A arte como ferramenta de transformação social, valorização cultural e ocupação criativa dos espaços públicos. Essa é a proposta do Paredes Vivas: Grafismo e Identidade na Amazônia, projeto realizado pela Intera Produções e Eventos, apresentado pelo Ministério da Cultura, por meio da Lei Federal de Incentivo à Cultura, com patrocínio da Vale e Parceria da Prefeitura de Parauapebas, por meio da Secretaria Municipal de Cultura (Secult).

A oficina de pintura e arte urbana teve início na segunda-feira (27) e segue até sexta-feira (31). As atividades estão sendo realizadas no prédio da Escola de Música Maestro Waldemar Henrique, no bairro Cidade Nova, reunindo 30 participantes em uma programação intensiva de formação artística. A iniciativa promove oficinas gratuitas, ampliando o acesso à cultura e incentivando o surgimento de novos talentos.
Ao longo da semana, os participantes vivenciam uma imersão em técnicas de desenho, pintura mural, grafismo amazônico, composição artística, uso das cores e preparação de superfícies, sempre com foco na valorização da identidade cultural da região.
Segundo o coordenador-geral do projeto, Cristiano Aguiar, a proposta vai muito além do ensino artístico. “Acreditamos que a cultura se fortalece quando há união entre o poder público e a iniciativa privada. A parceria com a Secult surgiu justamente desse propósito: ampliar o acesso à arte, incentivar novos talentos e levar uma formação de qualidade para a população, valorizando a identidade cultural de cada cidade por onde o projeto passa.”
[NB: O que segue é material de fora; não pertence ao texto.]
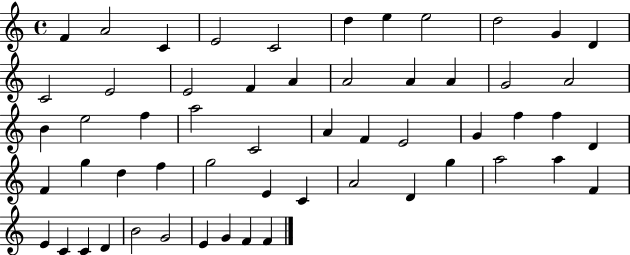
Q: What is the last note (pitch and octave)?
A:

O coordenador destaca ainda que a democratização do acesso é um dos pilares do projeto. “As inscrições foram totalmente gratuitas. Essa é uma das premissas do Paredes Vivas: tornar a formação artística acessível e mostrar que a arte pode transformar espaços, contar histórias e criar novas oportunidades para a comunidade.”
Durante as oficinas, os participantes desenvolvem habilidades técnicas e também são estimulados a reconhecer a riqueza cultural da Amazônia como inspiração para suas produções. “Mais do que ensinar técnicas, buscamos estimular a criatividade, fortalecer a identidade cultural amazônica e mostrar que a arte urbana também pode transformar espaços, contar histórias e gerar oportunidades”, reforça Cristiano Aguiar.
Entre os alunos, a experiência já inspira novos olhares sobre a arte e o futuro. Glaudison de Souza, de 13 anos, conta que participar da oficina abriu novas possibilidades e despertou ainda mais seu interesse pela pintura. “Sempre gostei de desenhar, mas nunca tinha participado de uma oficina como essa. Aqui estou aprendendo várias técnicas de pintura e descobrindo que a arte pode contar histórias sobre a nossa região. Quero continuar praticando e, quem sabe, um dia pintar grandes murais pela cidade.”

Para Josiane Santos, a oportunidade de aprender gratuitamente com profissionais experientes representa um importante incentivo à expressão artística e ao desenvolvimento pessoal. “”Essa oficina está sendo uma oportunidade muito importante para mim. Além de aprender novas técnicas, estou conhecendo pessoas que também gostam de arte e percebendo como o grafismo amazônico representa a nossa cultura. É muito gratificante participar de um projeto gratuito e de tanta qualidade.”
Quem acompanha de perto a evolução da turma é o monitor Valdir Lisboa, que destaca o envolvimento dos alunos e a importância da iniciativa para fortalecer a cultura local. “”É muito motivador acompanhar o desenvolvimento dos alunos ao longo da semana. Muitos chegaram sem experiência e, em poucos dias, já demonstram criatividade, confiança e domínio das técnicas apresentadas. O projeto deixa um legado importante porque desperta talentos, fortalece a identidade cultural amazônica e mostra que a arte pode transformar vidas e espaços.”

Ao unir formação artística, inclusão social e valorização da identidade amazônica, o projeto Paredes Vivas leva a arte para mais perto da população, transformando muros em grandes telas e fortalecendo o sentimento de pertencimento por meio da cultura.